$1.8 Billion Bitcoin Options to Expire

It’s the last Friday of the month with $1.8 billion worth of bitcoin options to expire tomorrow on Deribit, a futures and options platform.

That makes it one of the biggest expiries, with $1 billion in intrinsic value at expiration betting bitcoin won’t reach $40,000.

Bitcoin’s current price is $39,700 and just about touched $40,000, with still about 24 hours left to go until these contracts are forced closed.

Most however are betting that bitcoin won’t reach $50,000 by tomorrow with that being the max pain point, a relatively new concept relying on the hypothesis that bitcoin’s price will go to where most people are liquidated.

About $1.8 billion in intrinsic value has placed calls, which is the equivalent of short or sell, at $50,000.

So if bitcoin reaches that point within 24 hours, a lot of people will be rekt for being bear.

Chances are slim of that happening however as a 10k green candle appears unlikely with the market currently best described as a very very timid bull.

Opinions are split.
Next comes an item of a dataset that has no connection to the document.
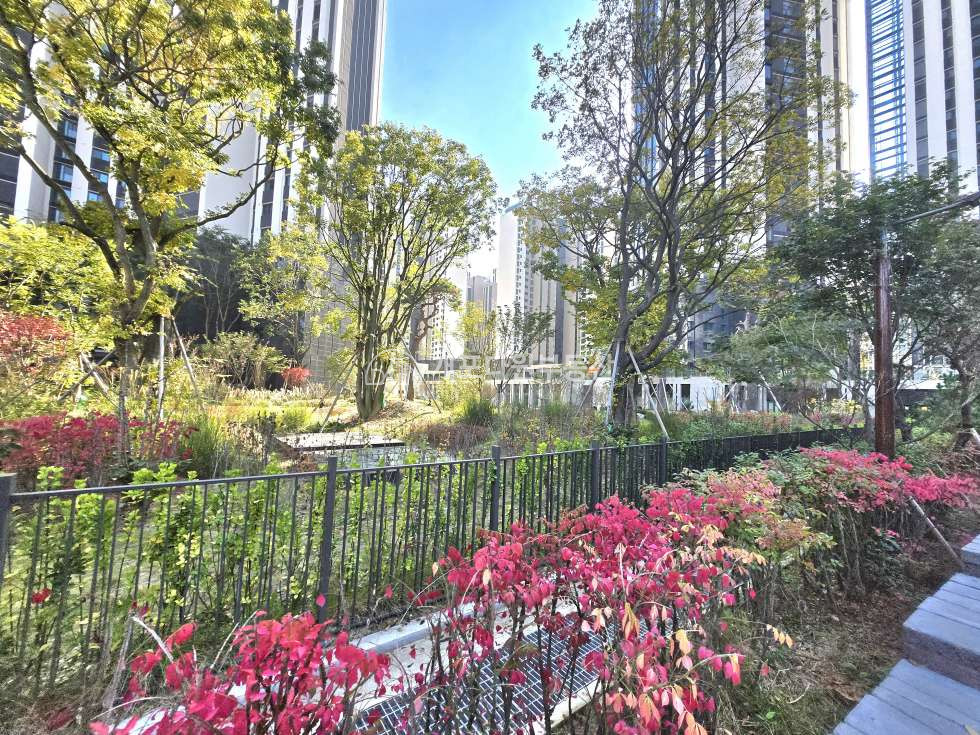 서울 강남구 개포동 디퍼아33pㅣ저층 ㅣ초품아 중품아 ㅣ 최고급 커뮤니티 전세 매물번호 11110 사진 8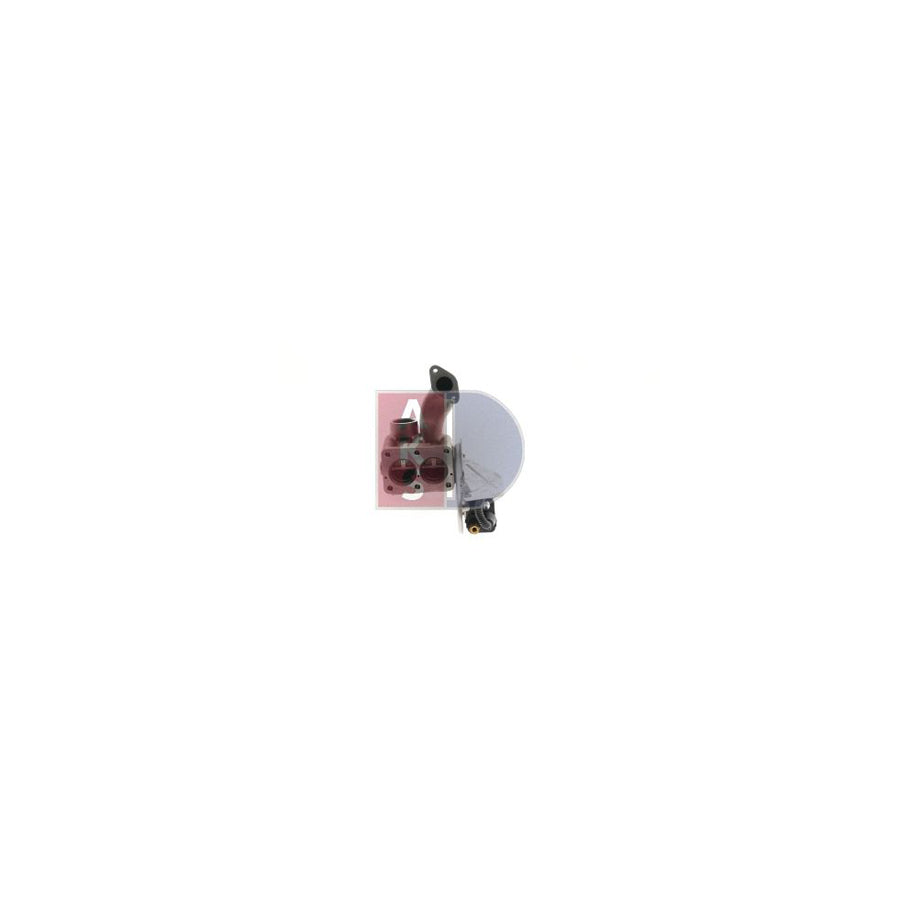 AKS Dasis 265022N Egr Valve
Bears still cling with their stone heads to bear market forever, praying to Allah or whatever god they have that this goes to $20,000 or for some of them preferably to zero.

Bulls however see a bit of hope primarily because for four days now this hasn’t been falling, but has kind of been rising very littley.

Even Canada, Canada!, bought some yesterday before going back to kind of selling, with Shanghai too buying then selling, in what is clearly a gentle but fierce quiet battle between bulls and bears.

With these options expiring tomorrow, a new round then begins as summer arrives with it to be seen whether it does so with a bang.

That’s because we have a combination of futures and options expiry, a timid bull trying to gain courage, and a three days weekend when Americans can’t play – well the ones relying on snail banking.

So max pain arguably would be a bull run during the weekend with those that sold watching helplessly as the train leaves the station without their fomo on board, kind of like the Europeans did earlier this week.

Alas realistically we might instead get sidewayish but kind of up unless we’re really getting a bear market mid-way without the needed training to buy the dip becoming so ingrained that people stop believing it won’t work when the real bear shows up.